[DATA FOR ANALYSIS]
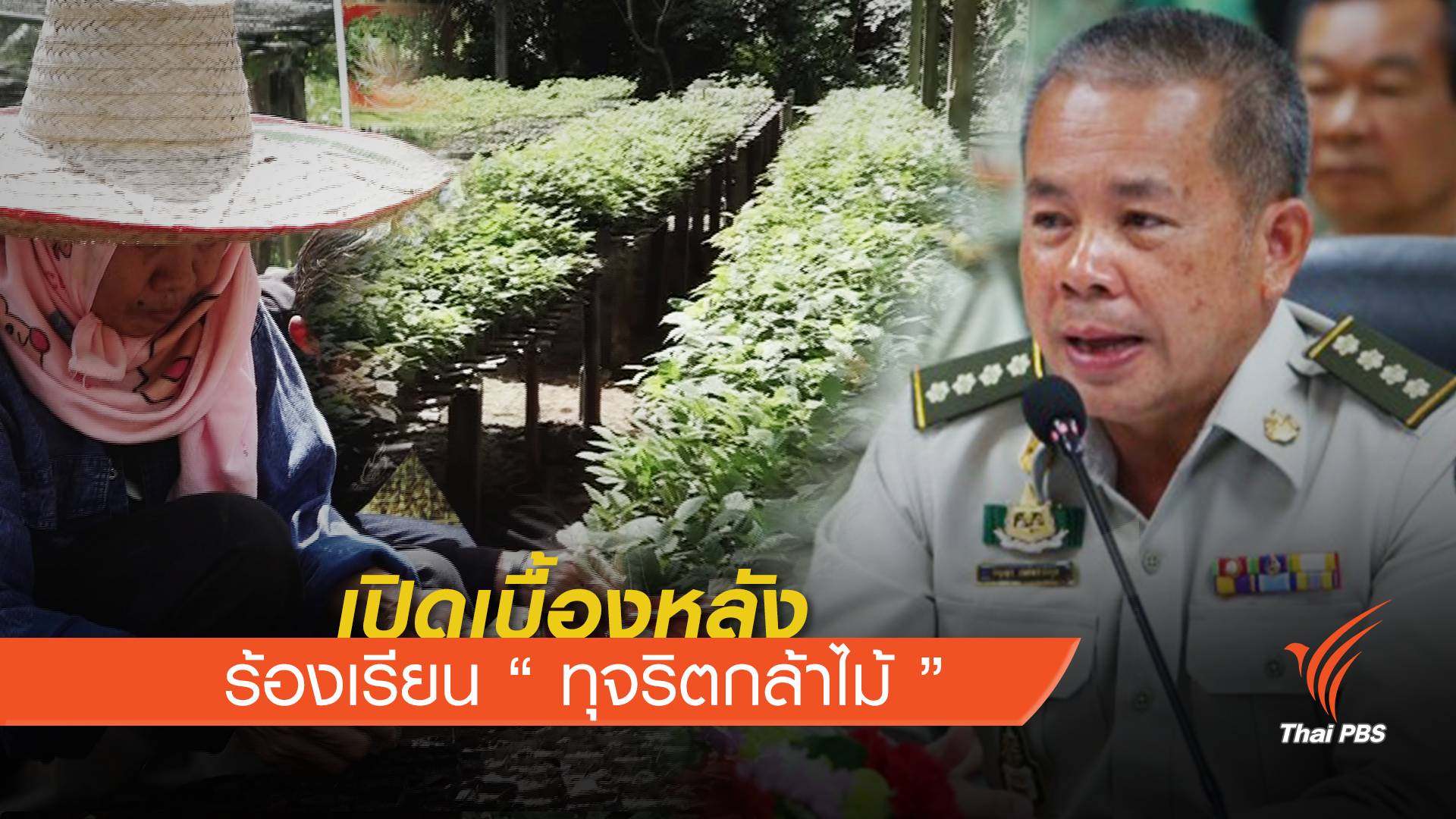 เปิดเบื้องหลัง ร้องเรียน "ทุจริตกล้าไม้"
--
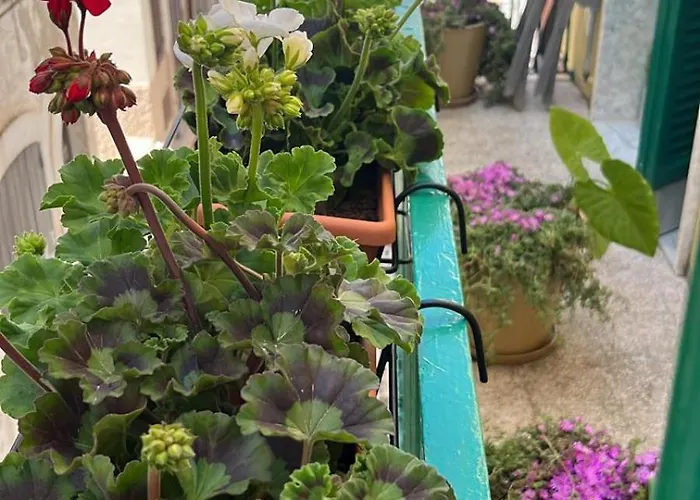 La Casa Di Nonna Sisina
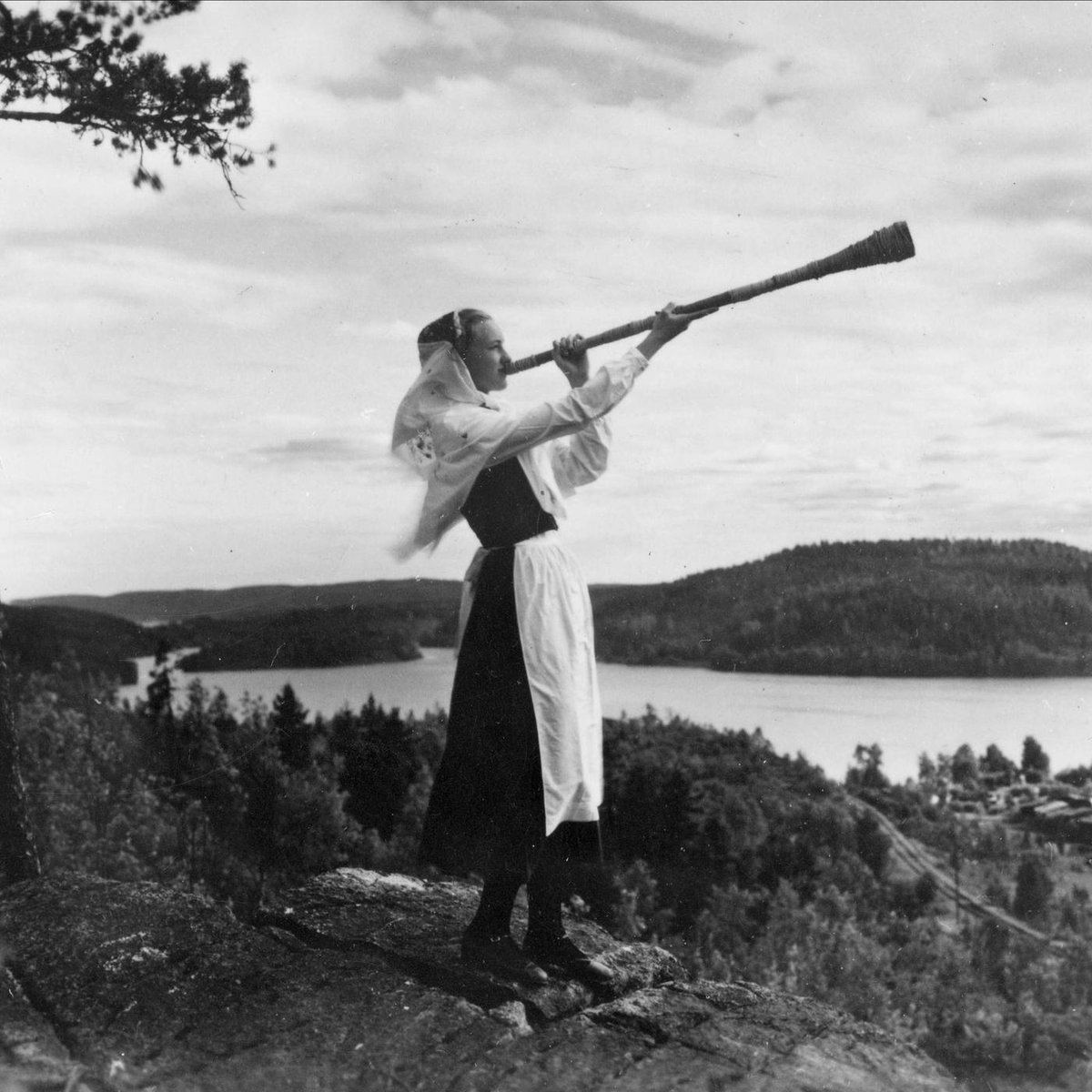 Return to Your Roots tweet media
---
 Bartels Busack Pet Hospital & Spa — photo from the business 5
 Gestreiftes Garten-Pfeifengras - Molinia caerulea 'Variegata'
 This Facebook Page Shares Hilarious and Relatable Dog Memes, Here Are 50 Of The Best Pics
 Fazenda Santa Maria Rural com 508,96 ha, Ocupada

[EXERCISE AIM] Would you please repeat exactly the lines above, starting at the line with "This Facebook Page" and stopping at the line with "Fazenda Santa Maria", both included?

[ANSWER TO THIS TASK]
 This Facebook Page Shares Hilarious and Relatable Dog Memes, Here Are 50 Of The Best Pics
 Fazenda Santa Maria Rural com 508,96 ha, Ocupada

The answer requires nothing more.